The minister of state for disabled people, Mike Penning said: "This government is determined to boost the employment rate for disabled people and is helping more and more people with a disability into work. Our measures are working to help people fulfil their potential…People with disabilities account for a fifth of the workforce and are tremendously valuable to the British economy – helping us compete in the global race".
Disabled People and Entrepreneurship
In the meantime, almost 6,000 enterprising disabled people set up their own business using the New Enterprise Allowance (NEA), which provides a grant and mentor to help new start-ups get off the ground. Along with the NEA, disabled entrepreneurs across the country get financial support for practical issues through the Access to Work grant which compensates them for specialised equipment, travel costs etc when setting up their business.

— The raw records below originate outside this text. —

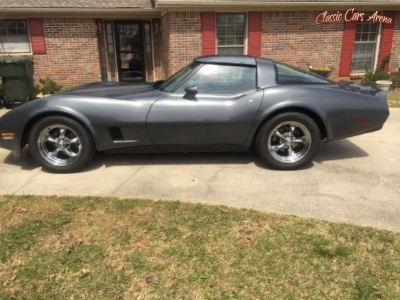 1981 Chevrolet Chevette Stingray for sale in Alabama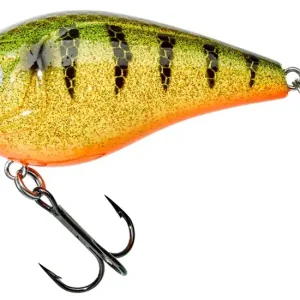 Přímo z továrny | Gunki Wobler Kraken Strass Perch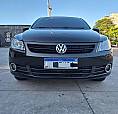 Volkswagen Voyage 1.0/1.0 City Mi Total Flex 8V 4P 2013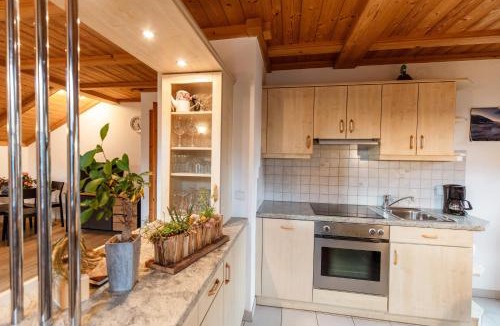 Nova Levante Apartment | Apartment Obkircher
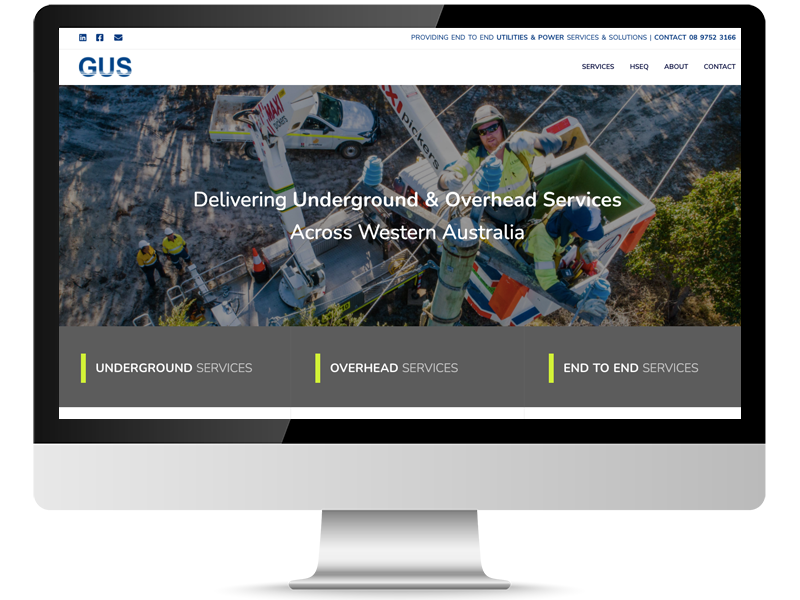 Geographe Underground Services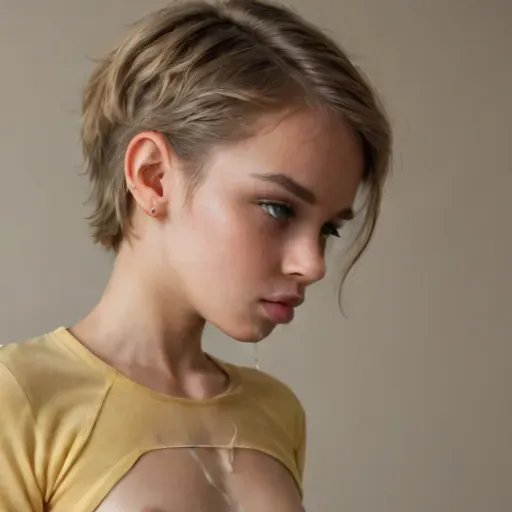 AI 포르노 이미지 생성기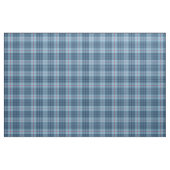 Clan Thorburn Tartan Stoff (Yard (91,4 cm))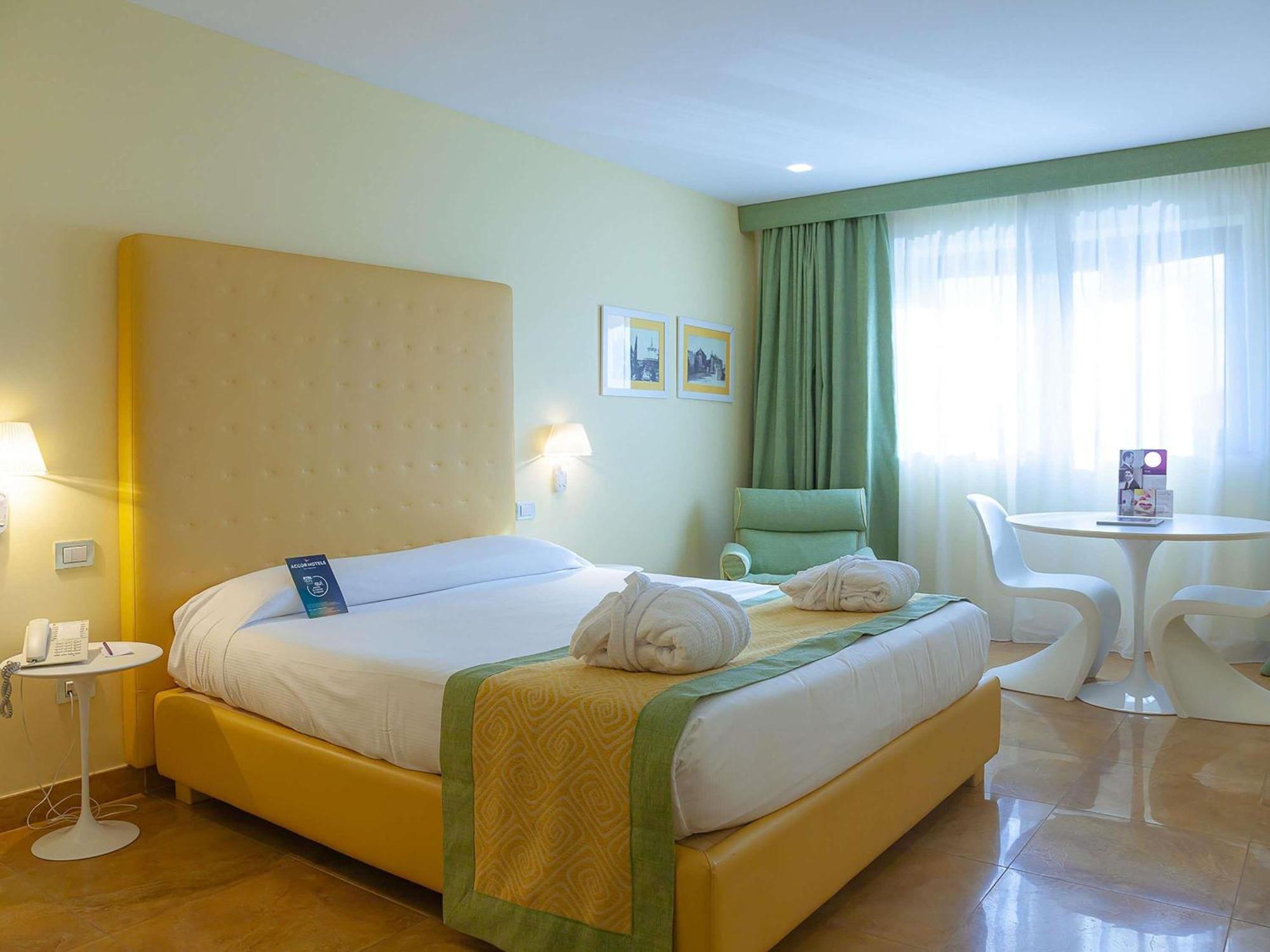 Habitación Privilege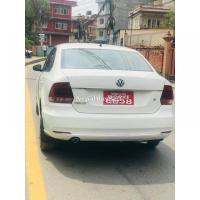 2019 volkswagen vento highline plus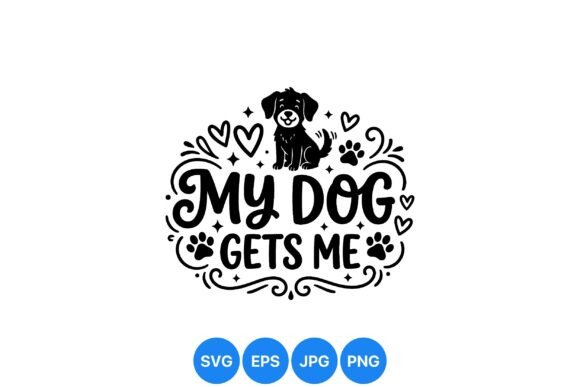 My Dog Funny Paw Print Design Review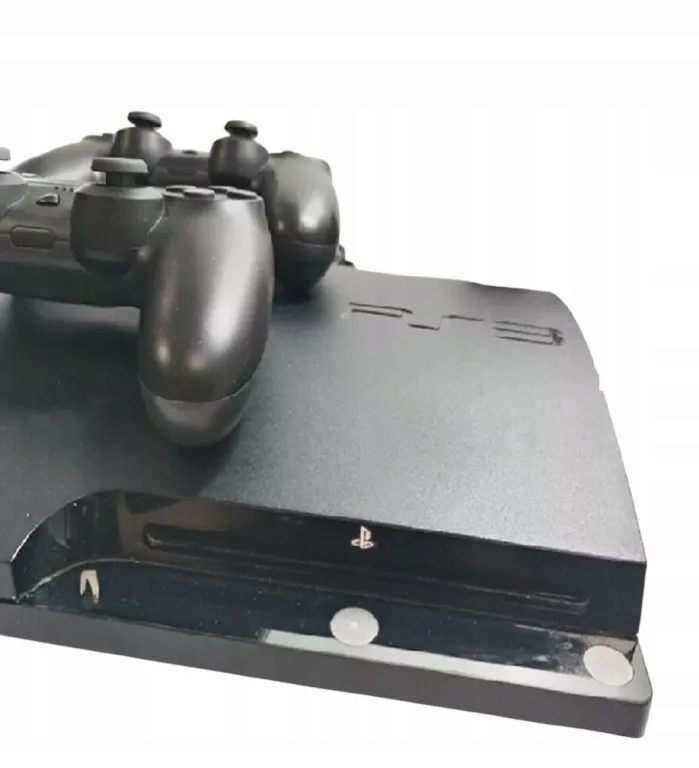 Konsole Sony PlayStation 3 (PS3) - Warszawa - Allegro.pl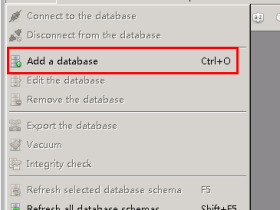Pbootcms数据库sqlite数据库转换为mysql数据库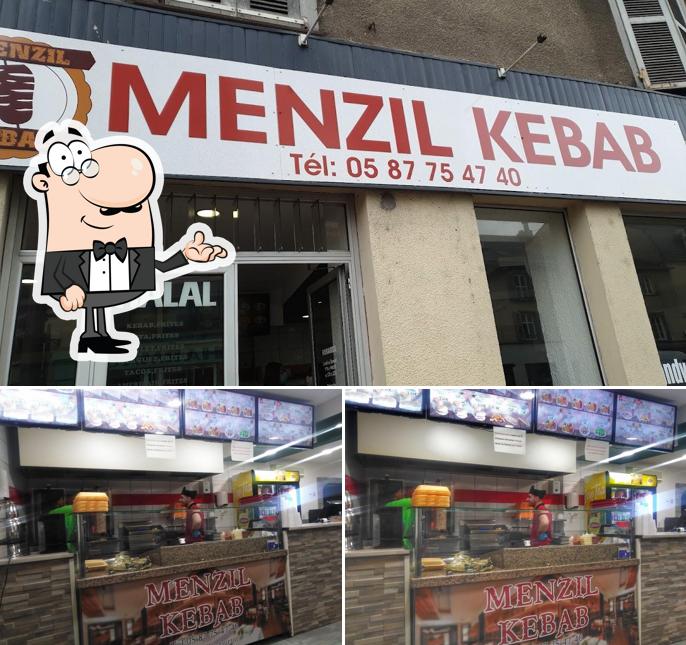 Nawroz kebab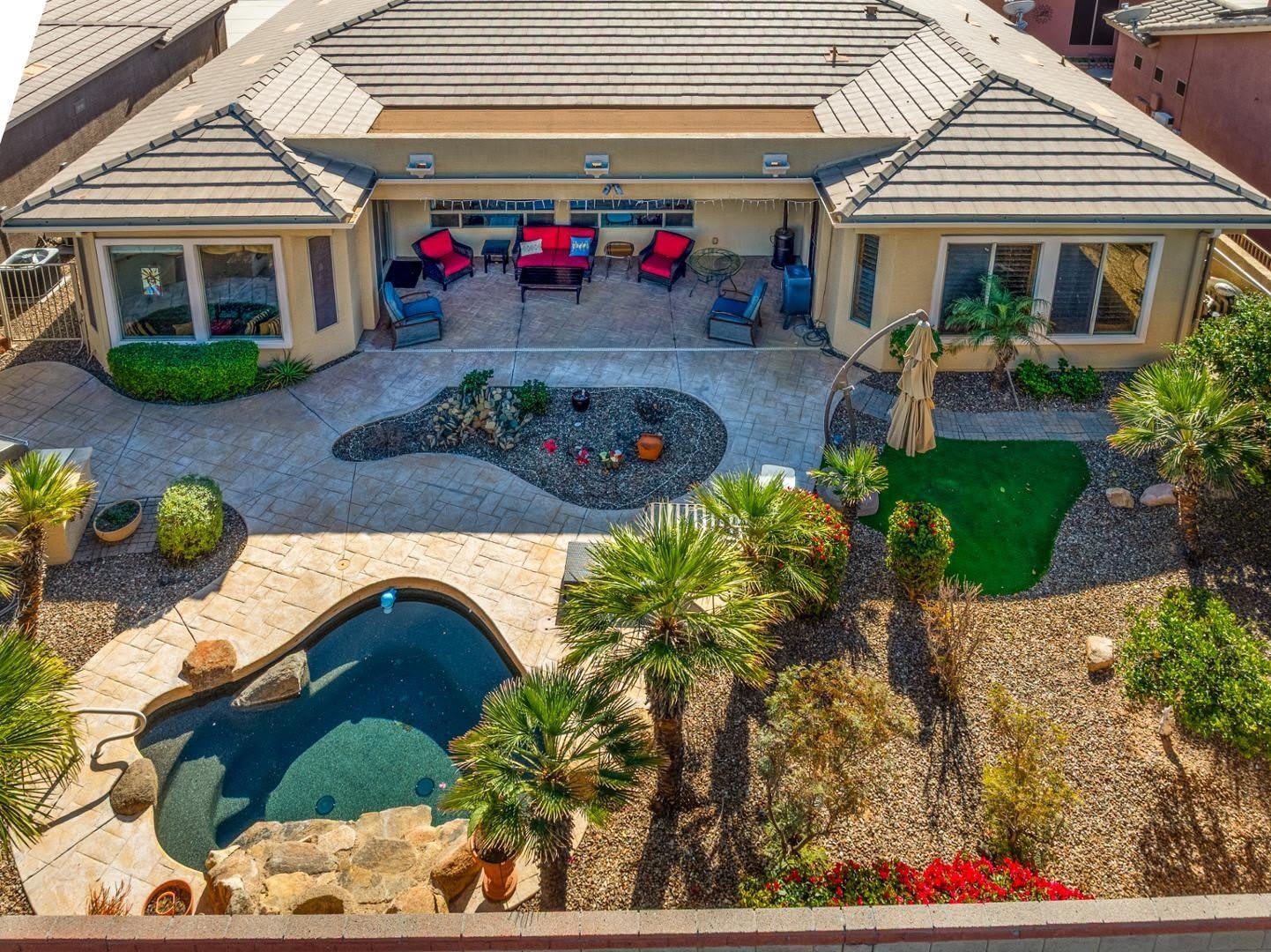42204 W RUMMY Road – photo 5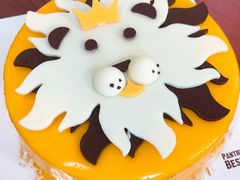 -派悦坊·甜品·蛋糕(日坛店)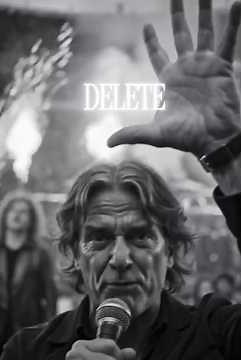 FINAL PROTOCOL: WE ARE THE ERROR THEY CAN’T DELETE ⚡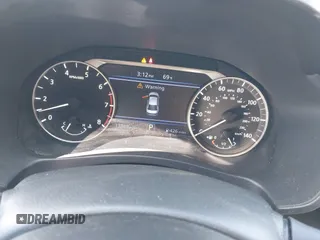 2022 Nissan Altima SV z VIN 1N4BL4DV5NN407440, wystawiony jako IAAI lot #41758671 z przebiegiem 33 889 mil mil oraz . Historia ofert i sprzedaży dostępna na DreamBid. Obrazek 7.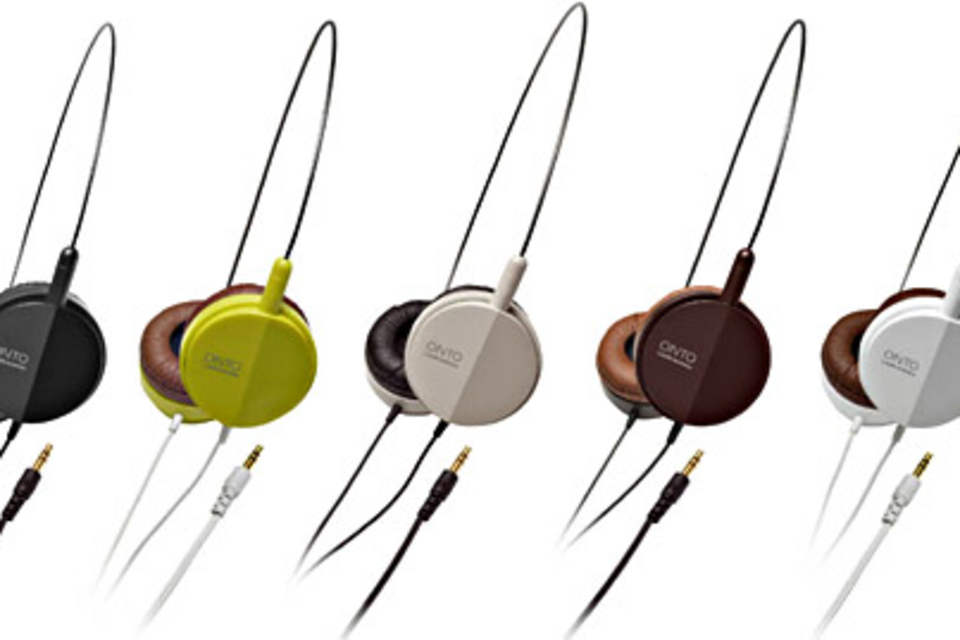 Audio-Technica ATH-ON3 Headphones Audio-Technica ATH-ON3 Headphones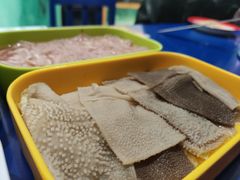 -马路边边麻辣烫联盟路店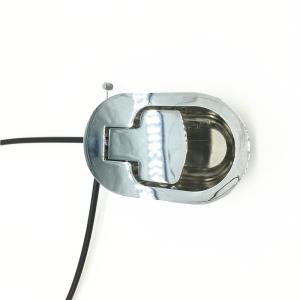 Quality rv button switch for the seats wholesale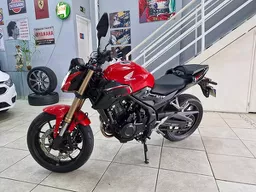 CB 500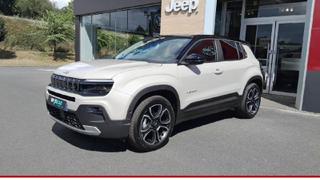 Jeep Avenger  - photo 0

Sir Stelios Haji-Ioannou, the founder of Easyjet, stated that:
“Already over 100,000 disabled entrepreneurs employ an equivalent number of people in their business start-ups. This highlights the extraordinary strength of the entrepreneurial flair and talent amongst the disabled people of this country”.
He also underlined that:
“I encourage disabled people out there who have a germ of an idea for a business, but are unsure of how to go about it, to take advantage of the support the government has on offer to help you make your business fly”.
Stelios Award for Disabled Entrepreneurs in the UK rewards those with disabilities who are keen on developing exceptional entrepreneurial ideas in face of significant barriers.